Carl Haworth heard about the Overland Park shootings while attending a Passover dinner in Springfield.
"I can't imagine why someone would perpetrate such an act," he said, "It's total shock."
Especially, he said, at the start of this holiday week.
"I'm just stunned. The practice of good toward others is part of this season," he said.
Samantha Nichols also attended Sunday night's dinner, but her heart was in Kansas City.
"I think we should remember that no matter what religious, political, ideological differences we have, we are all people and this is the last thing we should be doing to each other," she said.
She grew up in Overland Park, minutes from where the shootings took place.

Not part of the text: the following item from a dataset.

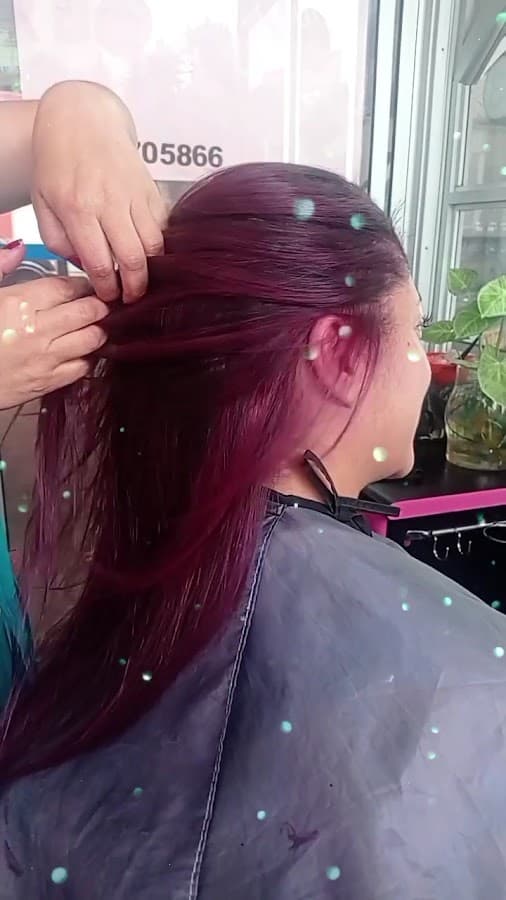peluqueria palo de rosa — foto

"It affects everyone. Everyone in that community knows someone who is associated with the Village Shalom or the JCC," she said.
She said her family and friends were in shock when they heard the news.
"Everyone just can't believe it because whether you're Jewish or not that's a huge presence in our community," she said.
"It really hit home for the importance of what we're doing here today," Hillel of Southwest Missouri President Simon Nogin said.
He helped organize the Passover event in Springfield.
He said the tragedy shows why events like this dinner are so important.
"The idea is to help remove stigma and negative ideas that exist about people of different faith groups," he said.
"Just three hours away something this tragic took place, but here in Springfield we are rising above it by having this expression of interfaith dialogue and service," Nichols said.